The House with a Clock in Its Walls is a charming fantasy/horror/comedy and is perfect fall/Halloween viewing. It's based on the classic 1973 children's mystery novel by John Bellairs, and concerns suddenly orphaned Lewis Barnavelt (Owen Vaccaro), who is shipped off to live with his mischievous Uncle Jonathan (Jack Black) in a spacious but creepy mansion. It turns out Jonathan is a good warlock, and his straight-laced neighbor, Florence Zimmerman (Cate Blanchett, who looks fetching in purple), is a witch. These two constantly bickering adults teach Lewis their magic, and this results in many funny moments.
The film's tone gets serious when Lewis learns of his uncle's dead friend, Isaac Izard (Kyle MacLachlan), who had made a pact with a demon, and who has also hidden a doomsday clock – created by black magic – somewhere in the walls of Jonathan's mansion.
The movie is directed by – of all people – horrormeister Eli Roth, who is responsible for gore-a-thons like Cabin Fever, Hostel, and The Green Inferno.

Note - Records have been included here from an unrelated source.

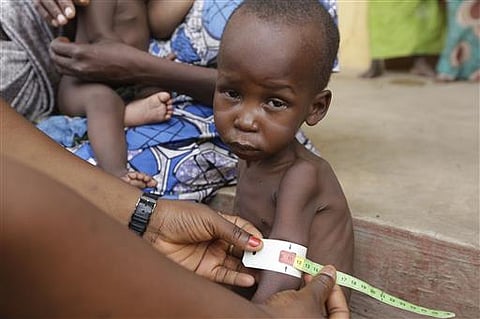 In this Sunday, May. 3, 2015 file photo a doctor attends to a malnourished child at a refugee camp in Yola, Nigeria. (File Photo | AP)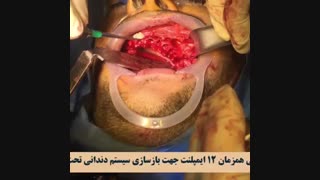 جراحی خارج سازی دندان‌ها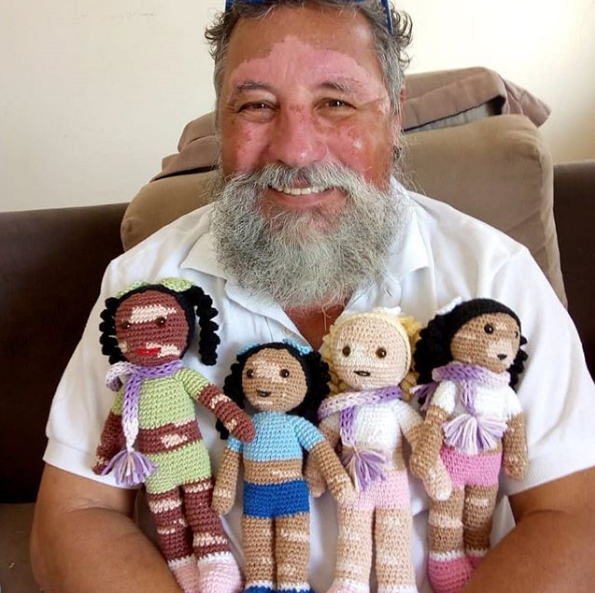 1-vovo-com-vitiligo-confecciona-bonecas-para-estimular-a-autoestima-de-criancas 1-vovo-com-vitiligo-confecciona-bonecas-para-estimular-a-autoestima-de-criancas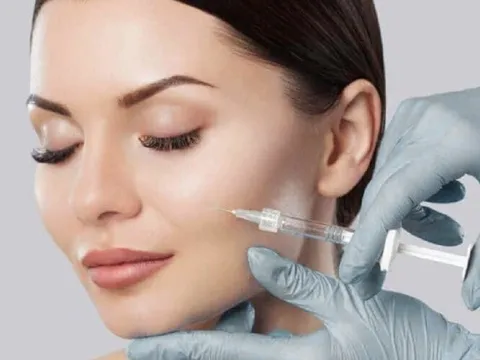 Những điều bạn nhất định phải biết trước và sau khi làm đẹp bằng phương pháp tiêm filler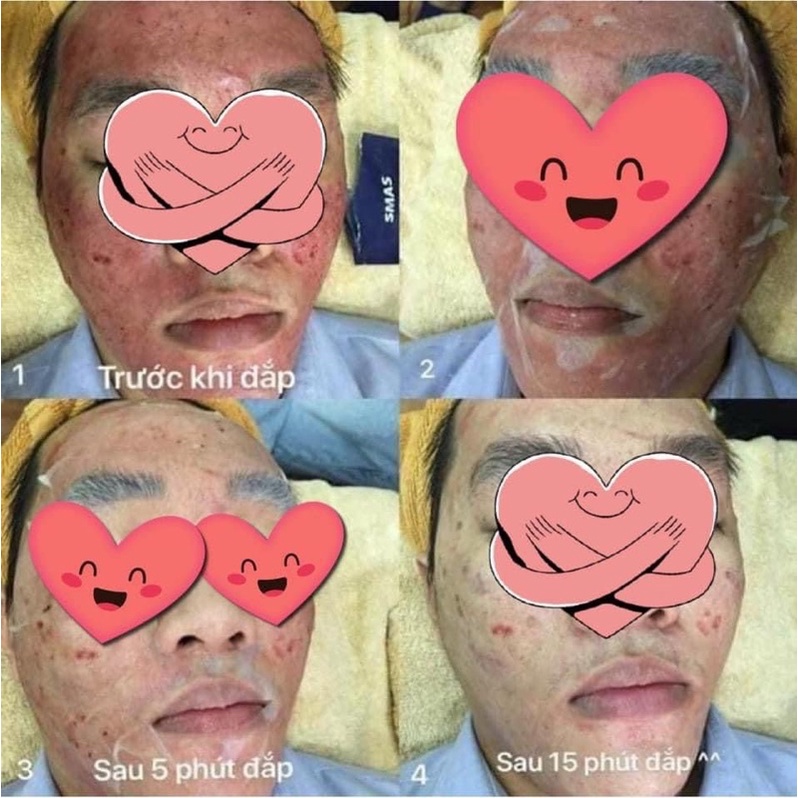 Mặt Nạ Dưỡng Và Phục Hồi Da SMAS Peptide Silk Mask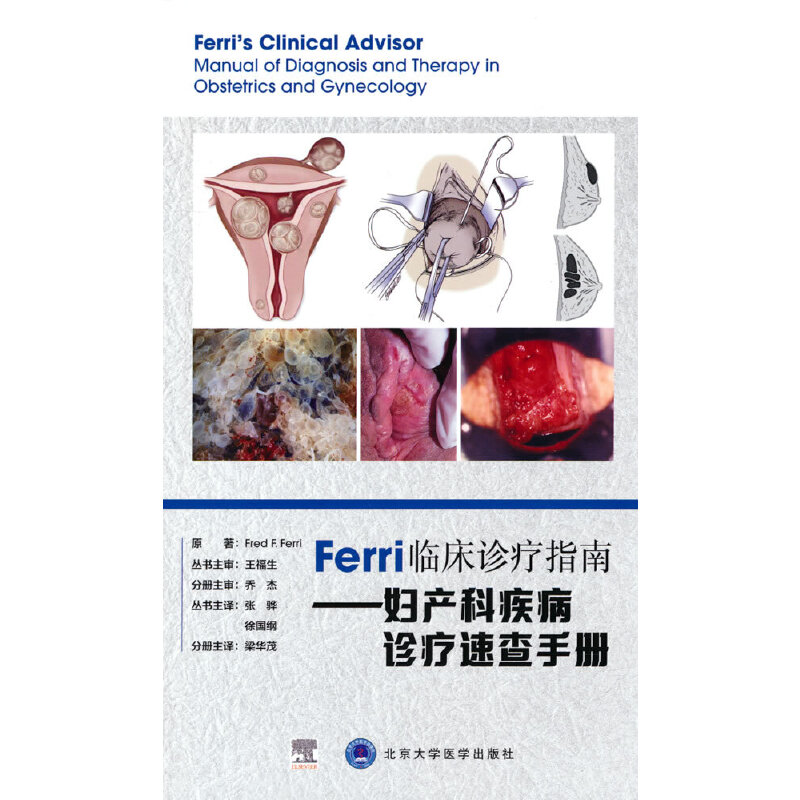 Ferri�R���\��ָ�ϡ����D�a(ch��n)�Ƽ����\���ٲ��փ�(c��)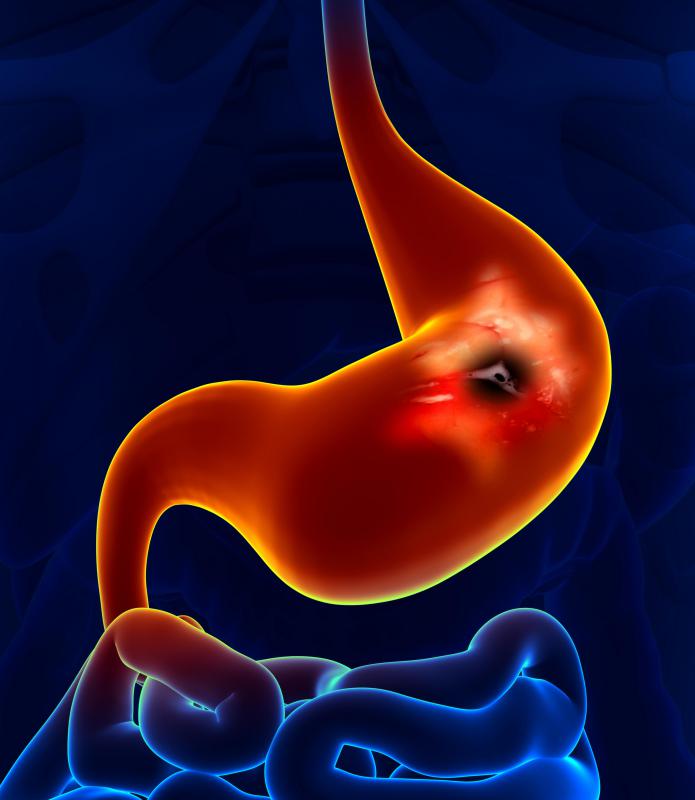 Bloody stools may occur as a result of a peptic ulcer.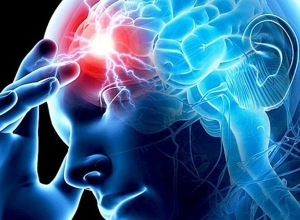 Инсульт головного мозга – вторая причина смертности: Министерство здравоохранения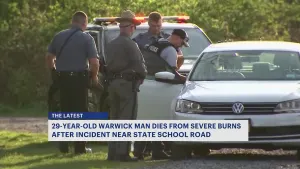 Police: 29-year-old man dies after burning incident at Warwick Park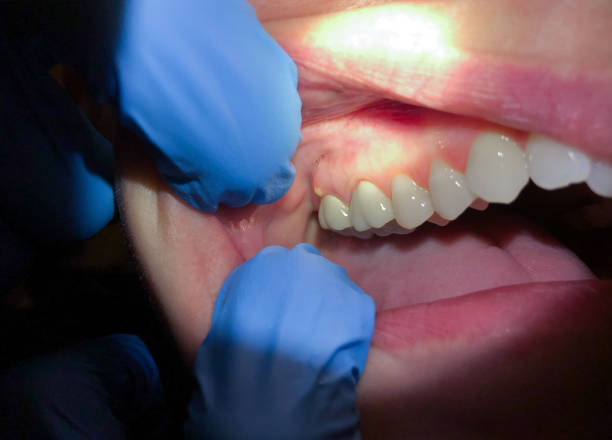 Best Emergency Denture Repair in Springfield, SD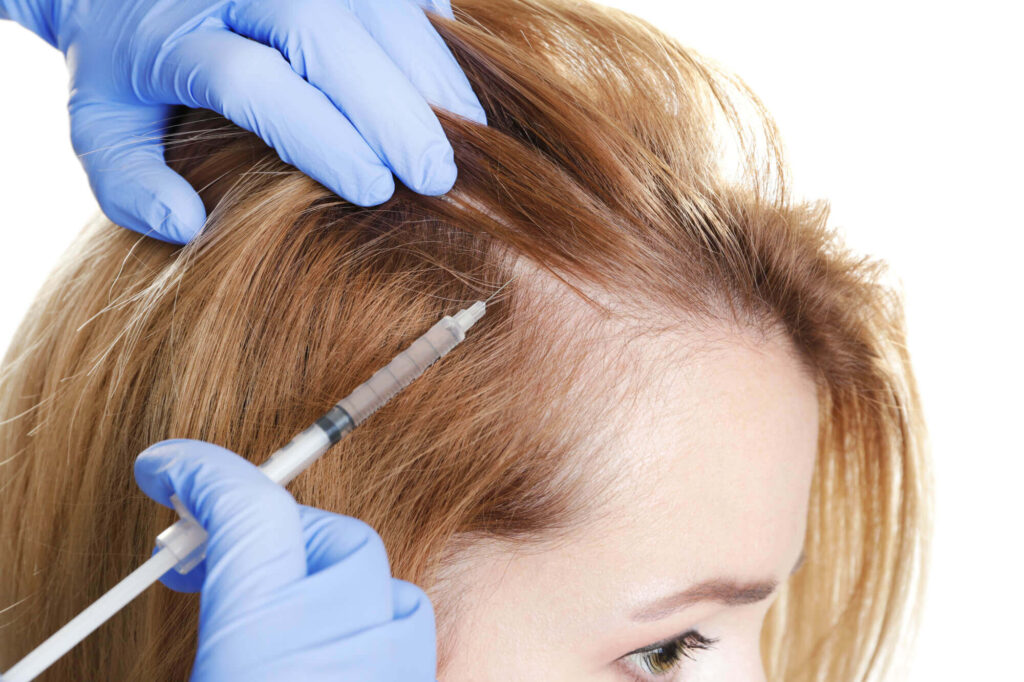 Global Hair Restoration Market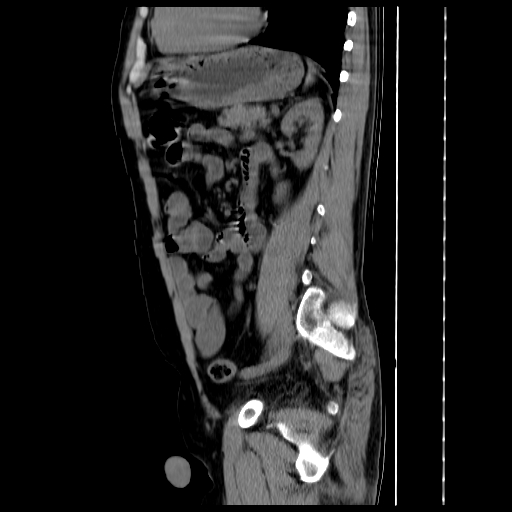 File:Adrenal myelolipoma (Radiopaedia 41843-44834 Sagittal non-contrast 27).jpg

I am not a fan of those films, but I was alone in giving Roth's Death Wish remake positive notice. However, The House with a Clock in Its Walls is his best film to date, for it is extremely well directed. It unfolds like a good novel, revealing a little at a time and building towards something. Roth also delivers some really creepy moments. Just know that there are a few scenes in a room full of porcelain dolls, and there is also a demon guy with glowing eyes.
From the set designs to the costumes, the movie looks great, complementing its 1955 setting very well. And the visual effects are pretty nifty too, like those monster pumpkins and Jack Black throwing fireballs.
The best part for me was the chemistry between Black and Blanchett. They work so great together! And as the young protagonist, Vaccaro has a likable screen presence.
Now, the story is fairly predictable, but The House with a Clock in Its Walls is so entertaining that you won't care.